Lines before the one containing "this 683×1024 image." are left out. Retype that line and the rest through the end of the material exactly.

**TASK DATA**
+++
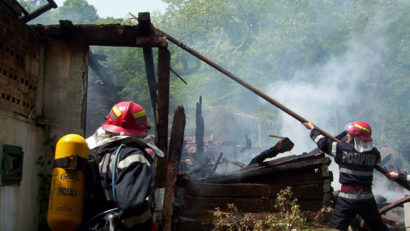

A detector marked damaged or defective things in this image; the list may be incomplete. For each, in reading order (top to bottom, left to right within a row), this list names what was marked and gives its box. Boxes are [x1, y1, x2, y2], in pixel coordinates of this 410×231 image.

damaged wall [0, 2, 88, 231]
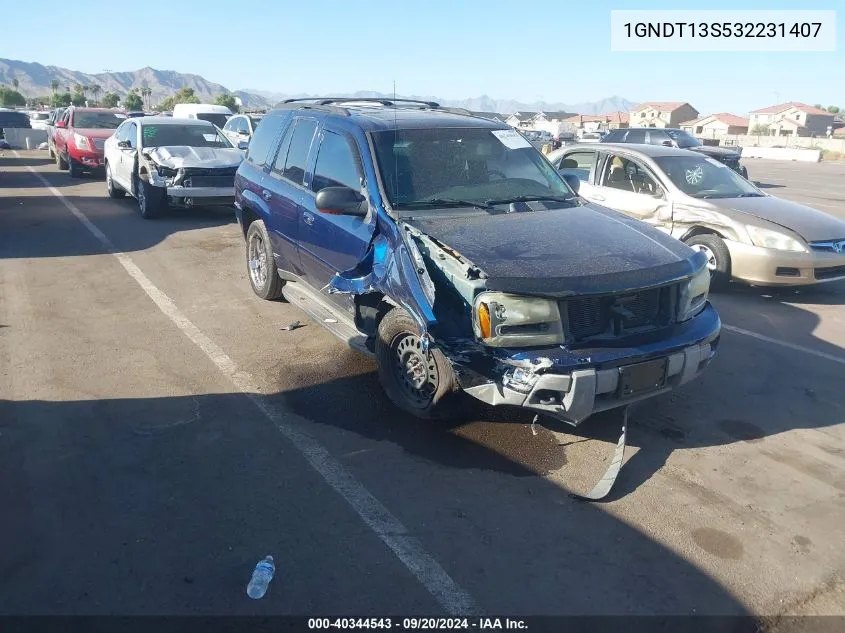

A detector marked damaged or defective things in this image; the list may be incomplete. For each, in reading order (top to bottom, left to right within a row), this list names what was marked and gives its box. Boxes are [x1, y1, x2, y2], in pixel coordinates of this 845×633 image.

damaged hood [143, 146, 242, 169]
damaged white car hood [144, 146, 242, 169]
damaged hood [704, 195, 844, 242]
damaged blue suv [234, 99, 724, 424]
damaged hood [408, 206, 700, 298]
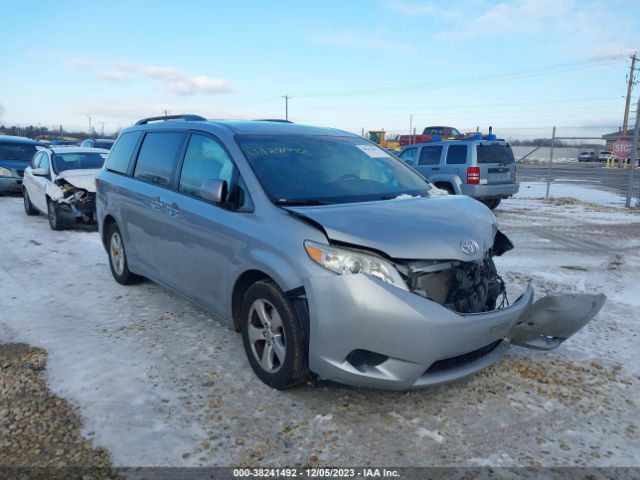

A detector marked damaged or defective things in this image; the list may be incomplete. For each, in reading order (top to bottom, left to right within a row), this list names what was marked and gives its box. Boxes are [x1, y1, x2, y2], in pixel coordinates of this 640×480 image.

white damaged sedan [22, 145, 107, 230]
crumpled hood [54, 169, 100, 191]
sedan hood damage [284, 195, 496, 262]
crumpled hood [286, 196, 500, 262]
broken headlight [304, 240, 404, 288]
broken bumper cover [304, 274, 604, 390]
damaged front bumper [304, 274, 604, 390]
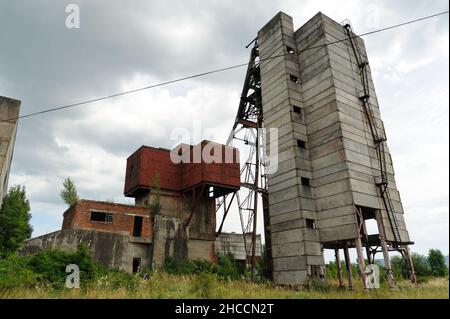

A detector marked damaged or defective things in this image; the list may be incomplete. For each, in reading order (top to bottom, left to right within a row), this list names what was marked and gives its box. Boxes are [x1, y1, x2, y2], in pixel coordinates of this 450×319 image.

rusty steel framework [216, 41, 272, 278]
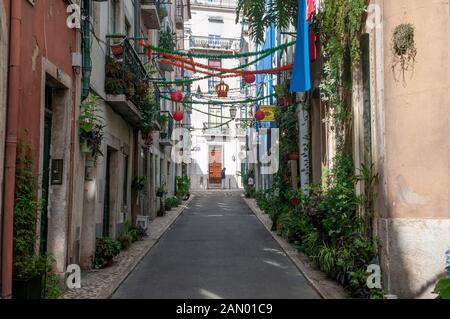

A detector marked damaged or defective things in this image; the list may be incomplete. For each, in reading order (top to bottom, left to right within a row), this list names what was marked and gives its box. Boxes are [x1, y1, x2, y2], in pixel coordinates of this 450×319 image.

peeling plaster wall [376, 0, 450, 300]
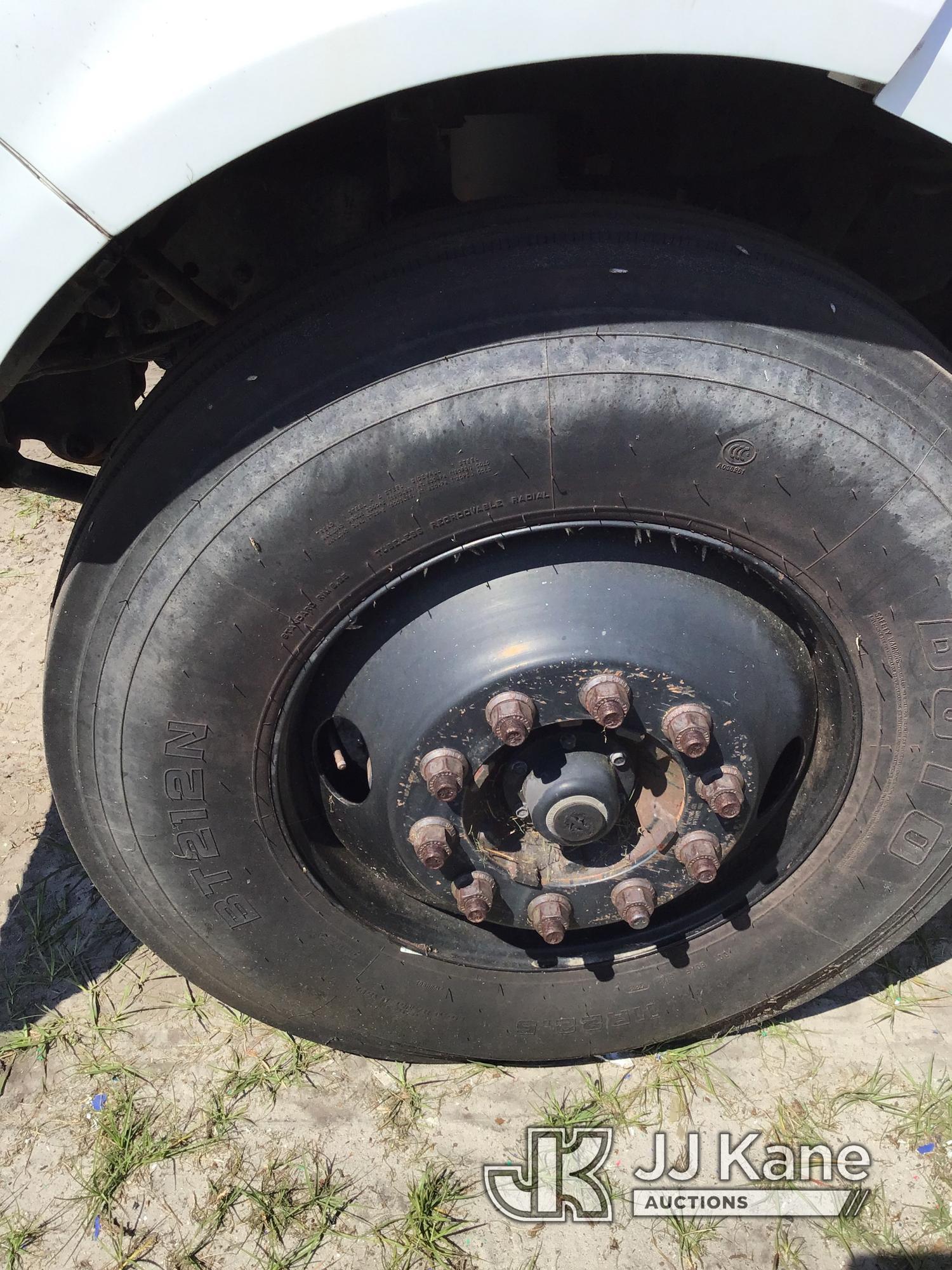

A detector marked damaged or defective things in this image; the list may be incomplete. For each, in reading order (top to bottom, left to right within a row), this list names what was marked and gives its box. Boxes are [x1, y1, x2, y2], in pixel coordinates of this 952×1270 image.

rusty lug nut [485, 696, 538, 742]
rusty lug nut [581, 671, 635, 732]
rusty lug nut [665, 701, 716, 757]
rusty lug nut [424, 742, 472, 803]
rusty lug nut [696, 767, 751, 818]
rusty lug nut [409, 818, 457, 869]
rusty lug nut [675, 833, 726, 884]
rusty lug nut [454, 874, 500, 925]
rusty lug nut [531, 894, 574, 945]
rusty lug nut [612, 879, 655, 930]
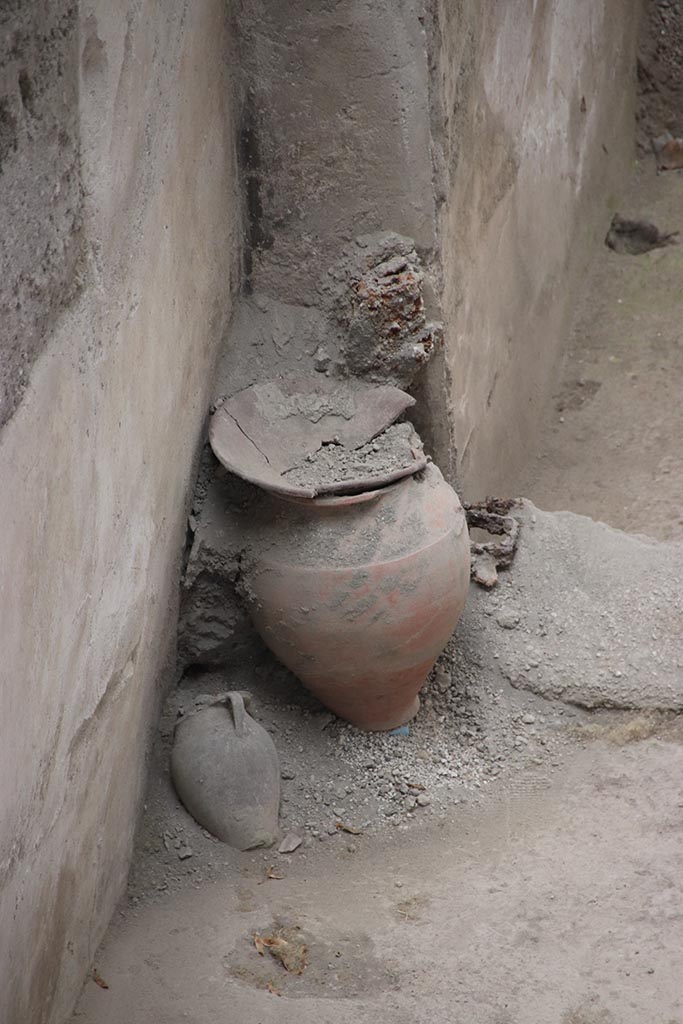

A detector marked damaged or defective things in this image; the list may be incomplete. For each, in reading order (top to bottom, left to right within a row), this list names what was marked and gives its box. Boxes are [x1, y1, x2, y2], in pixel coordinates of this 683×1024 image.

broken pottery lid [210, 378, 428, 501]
+++
**WRITTEN SOLUTION**
A detector marked damaged or defective things in this image; the list may be incomplete. For each, in reading order (top to bottom, left to right within a row), this list names what was marked and gives its box. Boxes are [x1, y1, x2, y2], in pixel coordinates of this 683×1024 image.

broken pottery lid [210, 378, 428, 501]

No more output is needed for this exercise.